Ednéia Golçalves makes an assessment of the right to education in the continent and challenges people to review their own knowledge on the region
The recognition of the African knowledge is a global challenge for the right to education; whether they be north-south or south-south, “all cooperations become legitimate when they offer the possibility of exchanging knowledge”, affirms Ednéia Gonçalves. Sociologist and educator, she has been working for more than twenty years with education projects and since 2005 she coordinates the development of technical cooperation projects in the area of education in several African countries.
According to the panelist, who participated in the seminar “The right to education in the global context”, in Africa there is a strong resistance to international cooperation because it is perceived as a set of proposals that are based on the financing of international goals or of transnational companies under a dehumanizing logic of social capital production.
Moreover, the relation with international cooperation established in African countries echoes the recent memory of a colonial past, which is the main identity feature that unifies Africans, in the panelist’s view. “For example, there are Portuguese speaking countries that obtained their independence just thirty five years ago.
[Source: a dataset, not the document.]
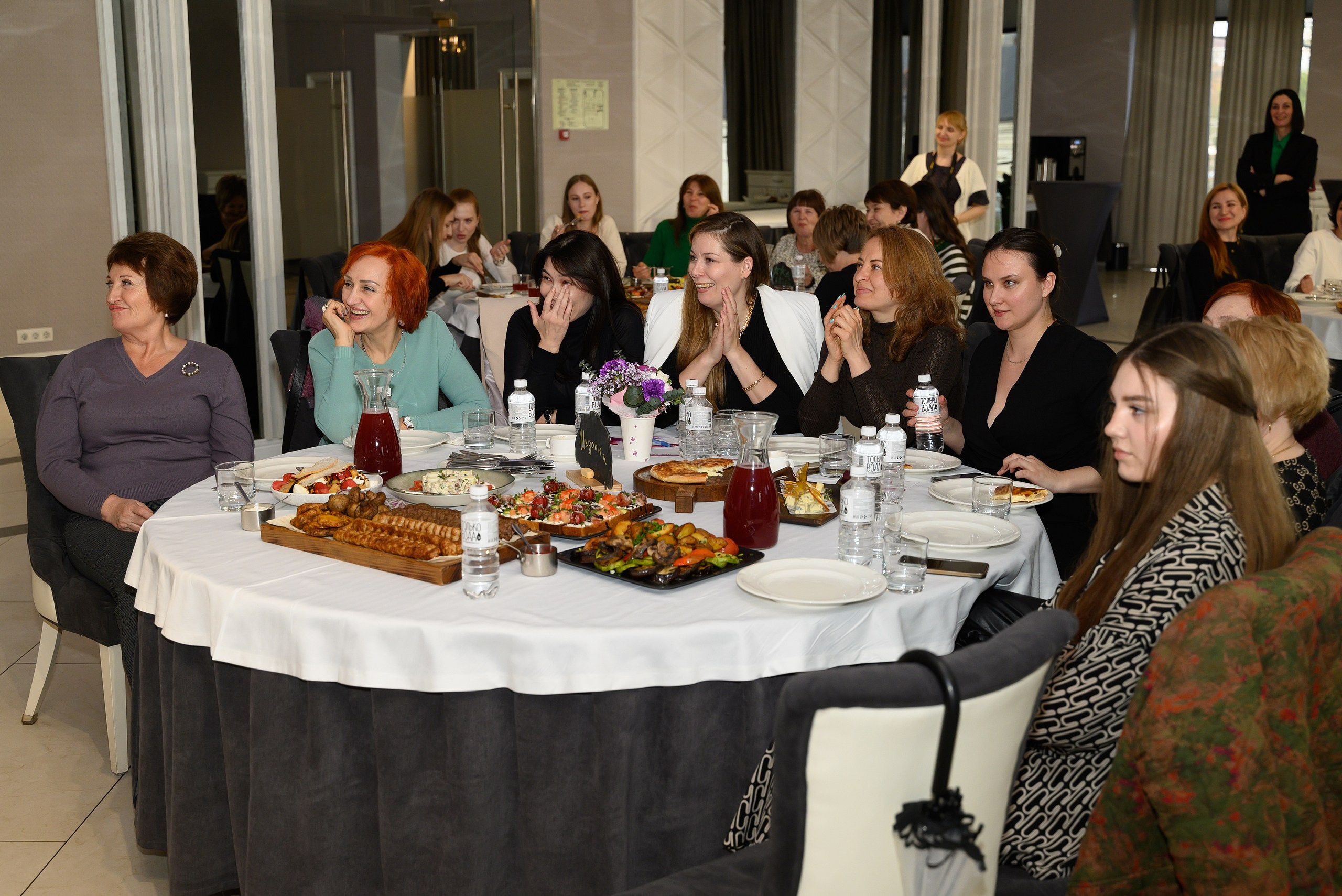 Репортажная съемка мероприятий в Краснодаре. Свадебный и семейный фотограф в Краснодаре Владимир Курашев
In this room, for instance, there are people who have lived longer than that.”
However, recognizing the African knowledge implies to overcome the historic guilt stemming from colonization, it implies to overcome the preconceptions about Africa- “in general, as a country of ancestral cultures, not to mention primitive”, she said. “We have to think over our own knowledge about this continent, this is our big challenge”, Ednéia said.. “What do really know about Africa? What are the foundations of those convictions? To what extent do the data we receive on the continent regarding illiteracy, AIDS, poverty, for example, facilitate the understanding of education issues in Africa nowadays?”, she asked.
The daily challenges are many, but she strived to identify the key points that call for a shift in how the rest of the continents view Africa: a) to question the cooperation sense and face the assitentialism currently prevailing in the international financing proposals; b) to expand the concept of democracy and culture of peace in order to build horizontally but also vertically, standing against the totalitarianisms existing in some countries; c) to devise new participation mechanisms while taking into account that in Africa social movements and networks are not able to participate in the many forums due to communication and computerization barriers and lack of contact by land. “It is also essential to have a deeper knowledge on the continent. Africa has lots to teach and trying to know it may help us to overcome our guilt and solve historic bewilderment and nightmares”, she concluded.